[Start of Attachment]

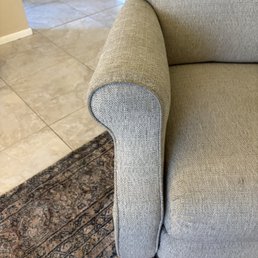 A beige fabric armrest of a sofa is shown, with a tiled floor and a patterned rug in the background.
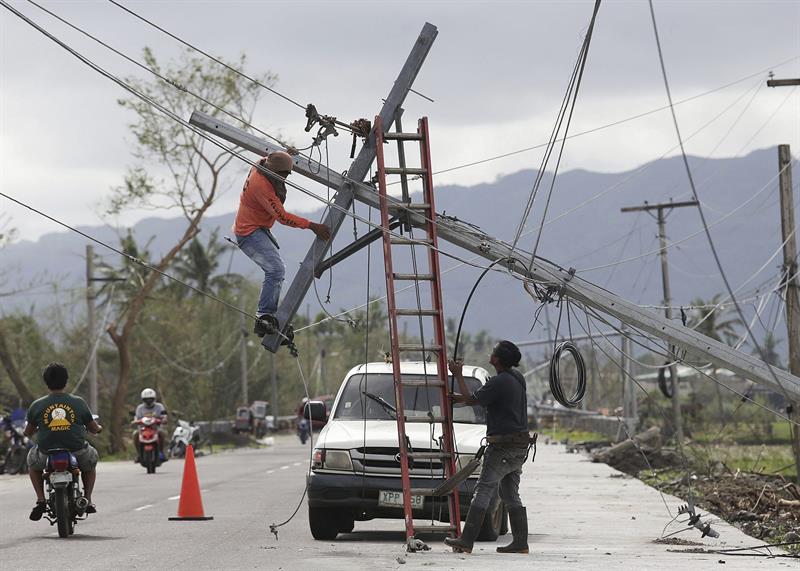 Operarios filipinos reparan un poste caido por el paso del tifón Nock-Ten por la localidad de Polangui, provincia de Albay (Filipinas). 
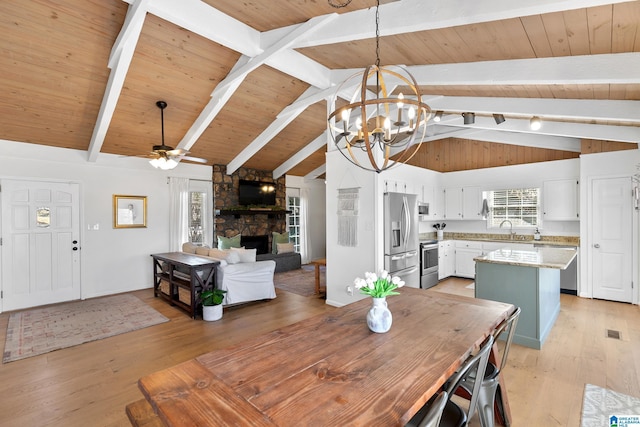 dining space with ceiling fan with notable chandelier, a stone fireplace, plenty of natural light, and light wood-style flooring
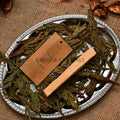 Natural Palo Santo stick on silver tray with green dried leaves and brown product information tag
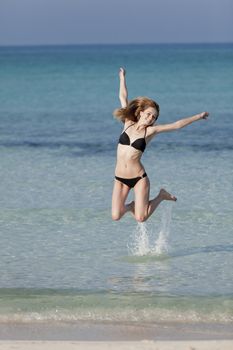 Girl young woman jumping in the water at the beach jumping happily in the sea in summer vacation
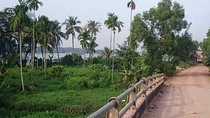 Cycling to CuChi tunnels - single track ride along Saigon river. 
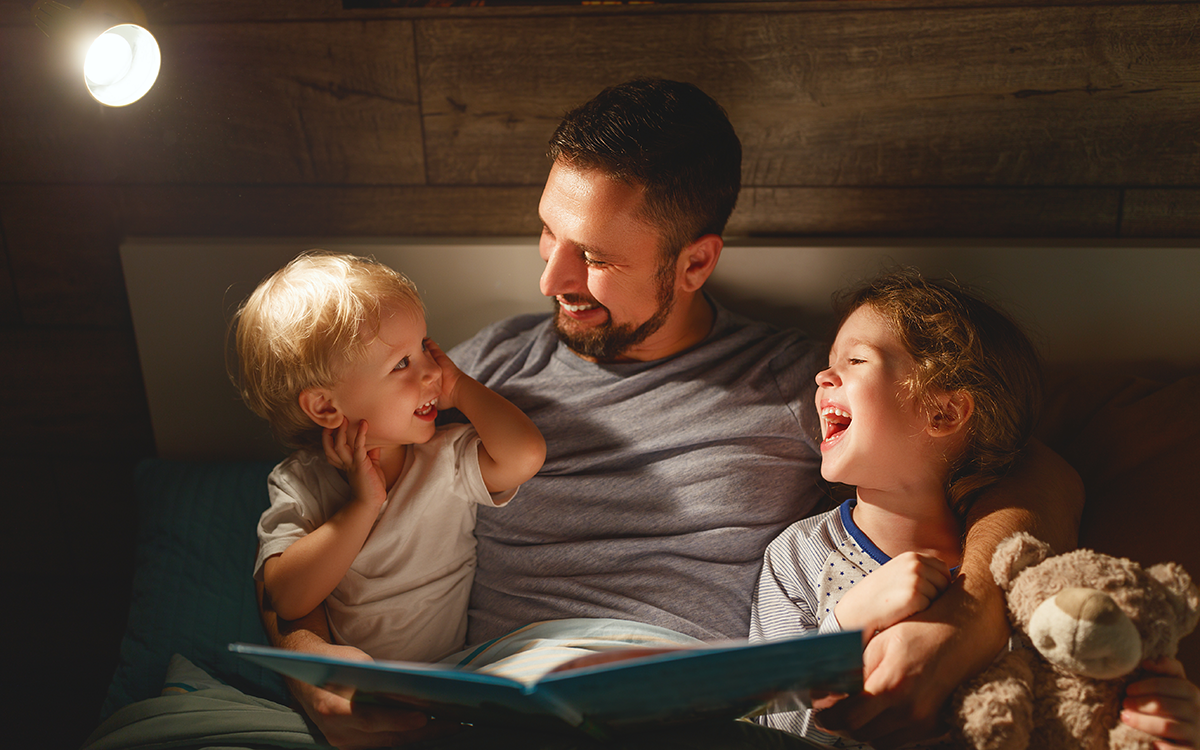Parent reading to kids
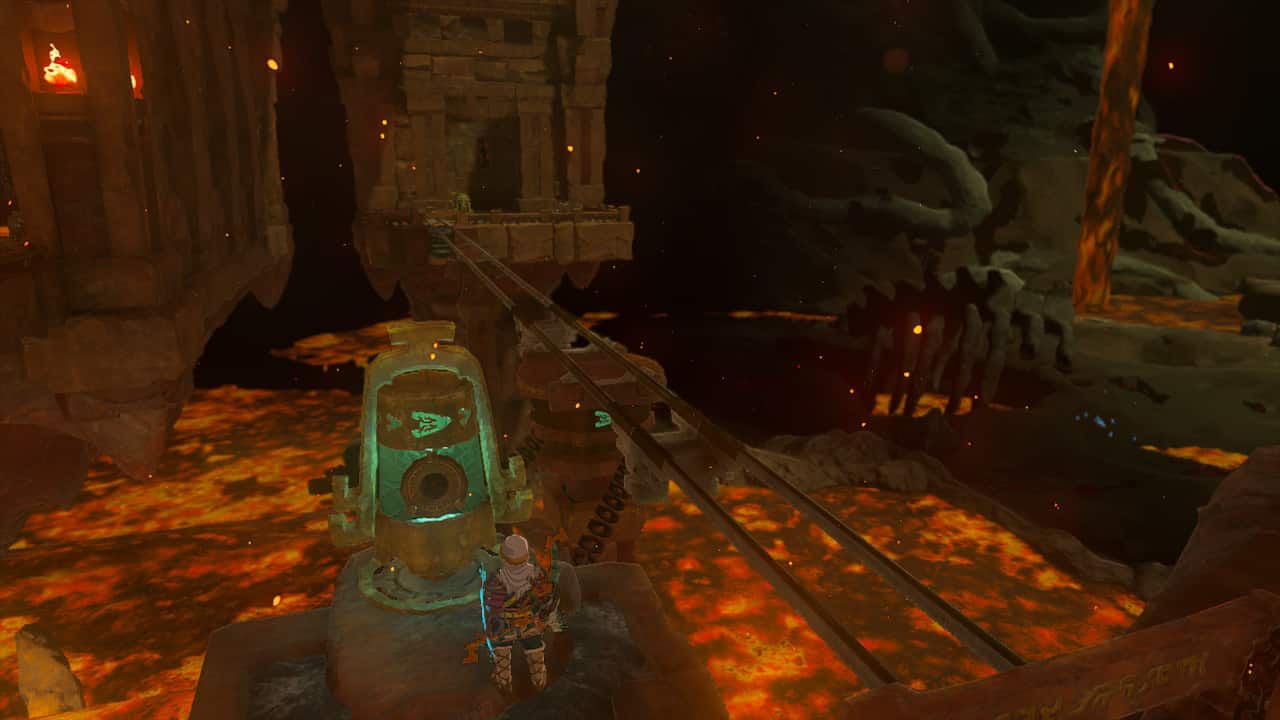Tears of the Kingdom Fire Temple: Link next to a bell-shaped switch with minecart tracks leading to a distant building.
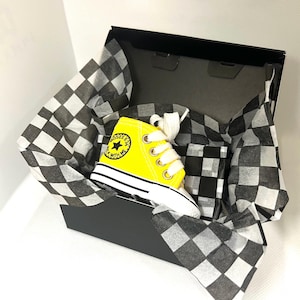Puede incluir: Una zapatilla alta amarilla con cordones blancos, presentada en una caja a cuadros blancos y negros. La zapatilla tiene una suela blanca y el texto "ROSES & ME WALK WITH ME" en el lateral.
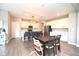 Bright, open kitchen featuring a large island, modern appliances, and stylish dining area at 11663 Winnower, Noblesville, IN 46060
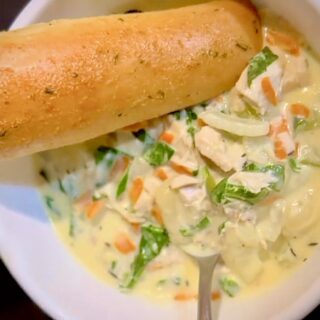 bowl of chicken gnocchi soup with breadstick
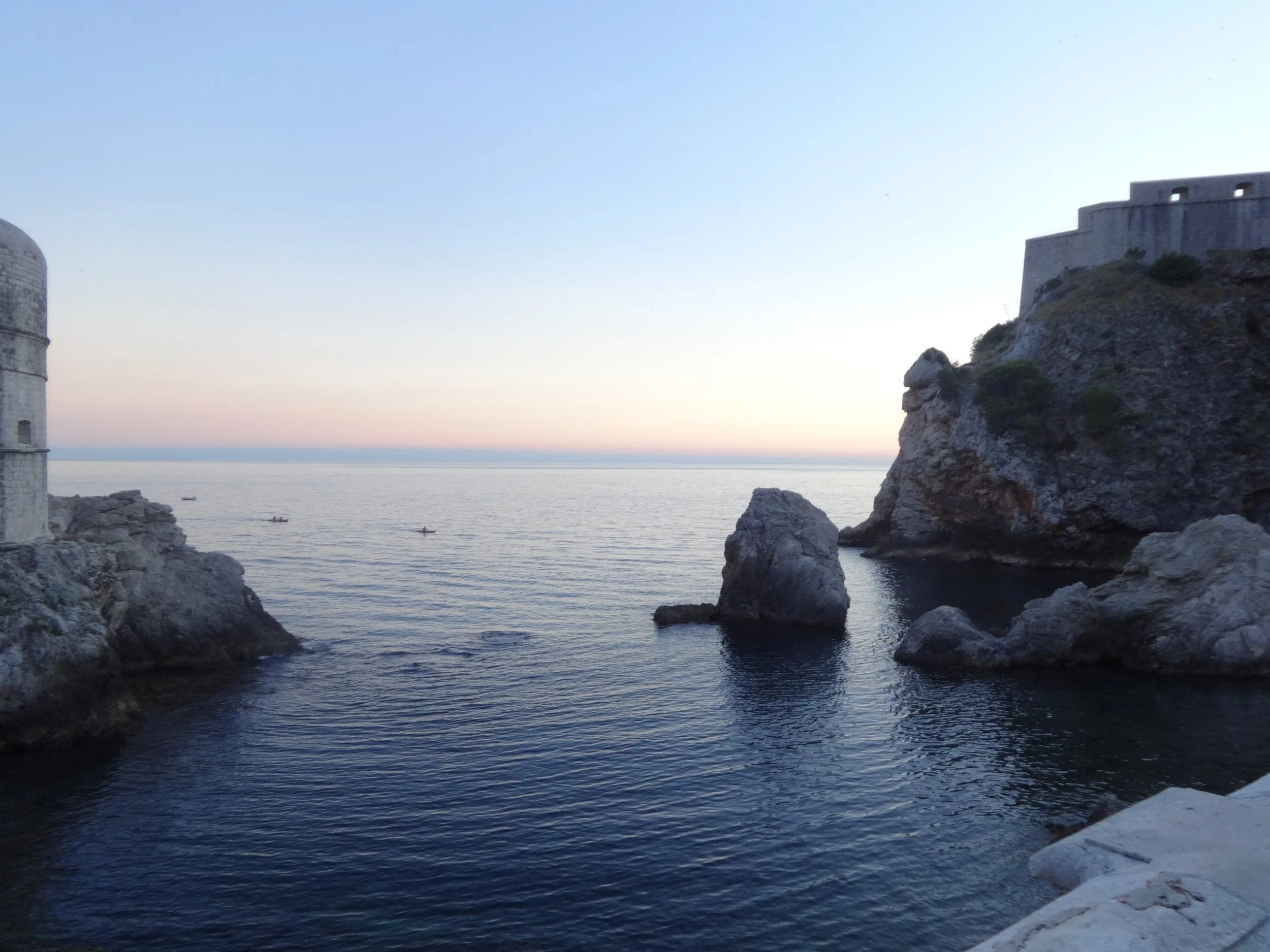 A coastal scene with rocky cliffs and a historic stone fortress overlooking the sea during sunset or dusk.
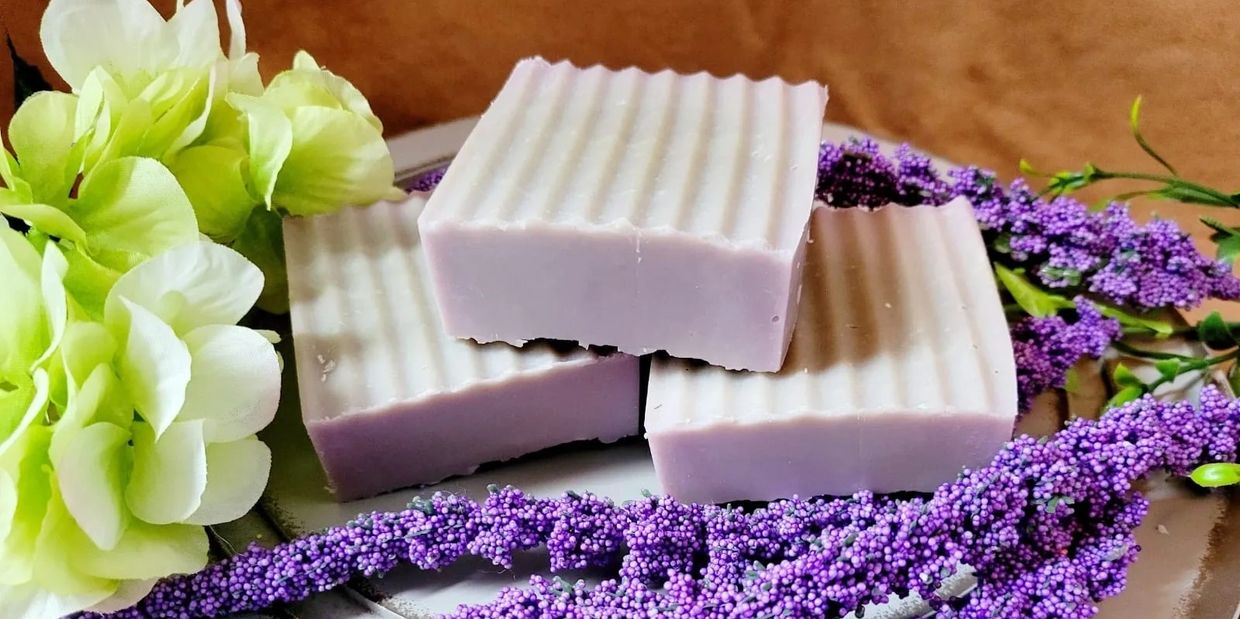 Three lavender soaps with flowers on a plate.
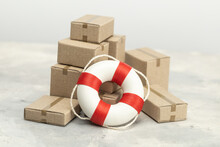 Cardboard Boxes For Delivery And Lifebuoy. Concept Of Assistance In Parcel Delivery Or Insurance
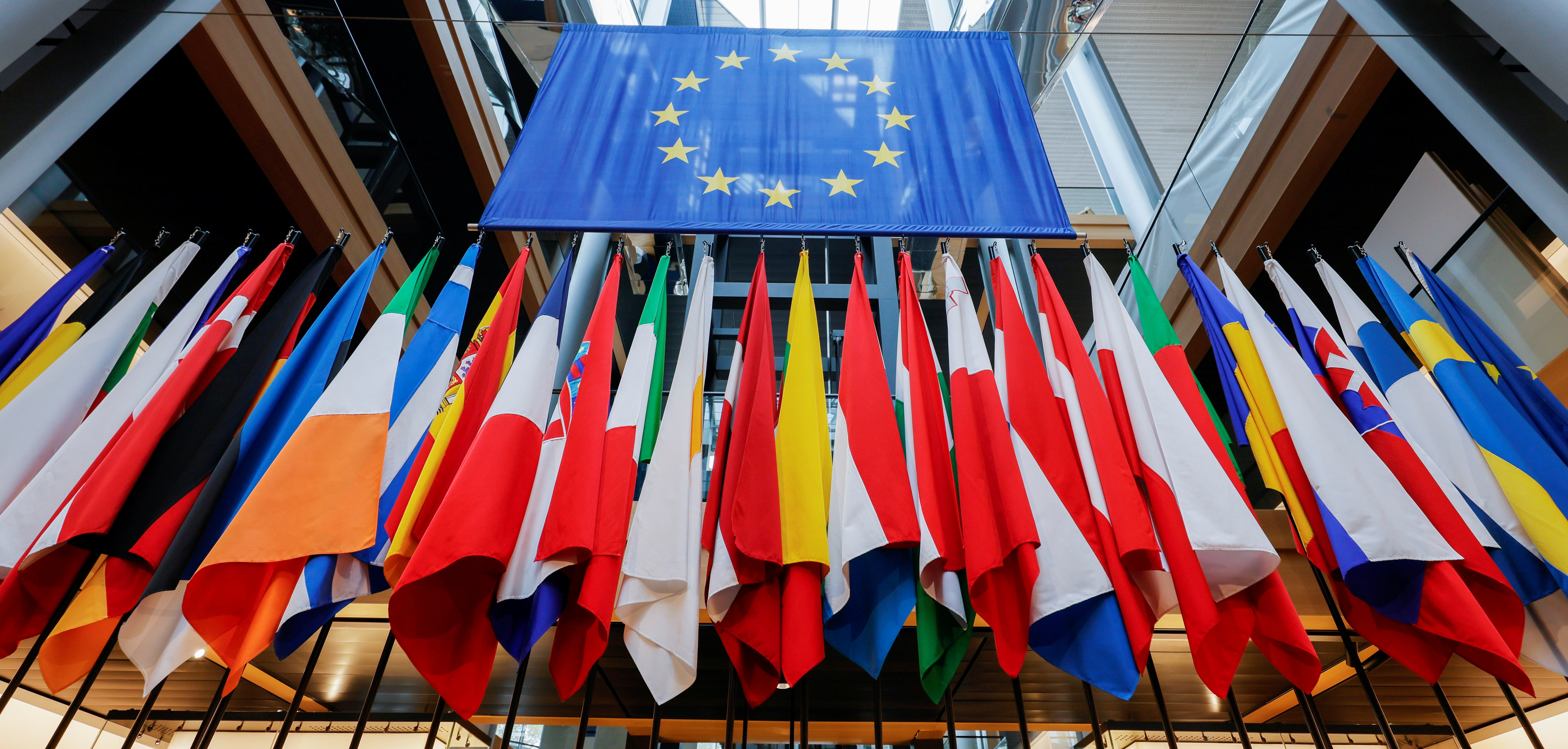 A view of different flags of the European Union Members during a debate on Poland's challenge to the supremacy of EU laws at the European Parliament, in Strasbourg, France, October 19, 2021. Ronald Wittek/Pool via REUTERS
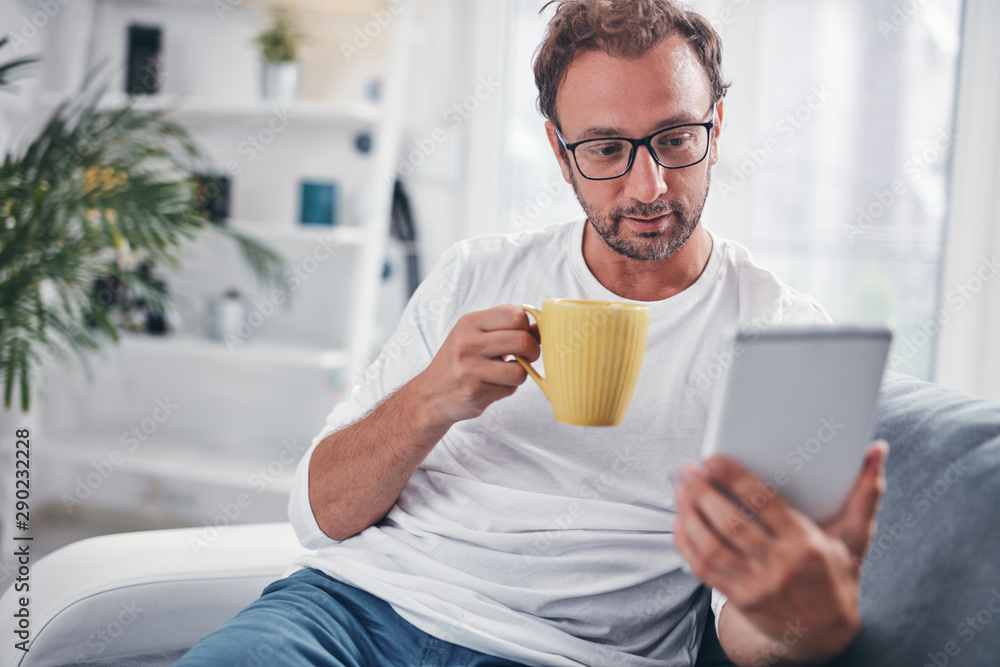 Man holding tablet, surfing online and drinking coffee. Man holding tablet, surfing online and drinking coffee.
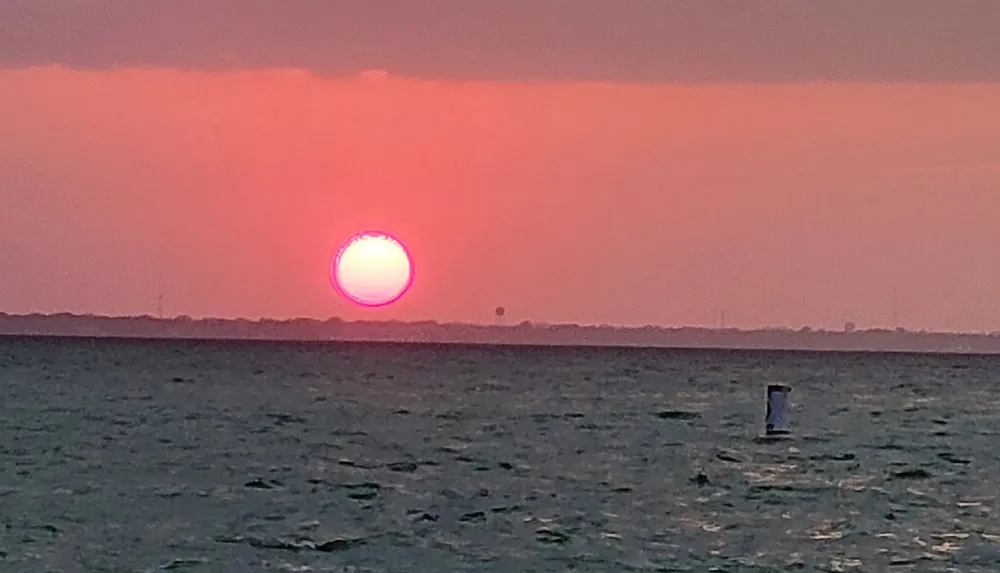 The image captures a vibrant pink and orange sunset over the ocean with a partially visible buoy in the water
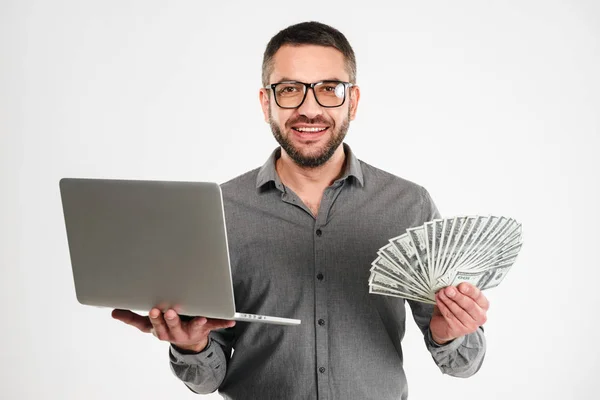 Szczęśliwy biznesmen przy użyciu komputera przenośnego, trzymając pieniądze. — Zdjęcie stockowe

[End of Attachment]

Exercise requirements =>
Counting both ends, reproduce word for word the lines from the line with "Man holding tablet, surfing online and drinking coffee. Man" to the final line of the listing above, skipping every picture.

Response =>
 Man holding tablet, surfing online and drinking coffee. Man holding tablet, surfing online and drinking coffee.
 The image captures a vibrant pink and orange sunset over the ocean with a partially visible buoy in the water
 Szczęśliwy biznesmen przy użyciu komputera przenośnego, trzymając pieniądze. — Zdjęcie stockowe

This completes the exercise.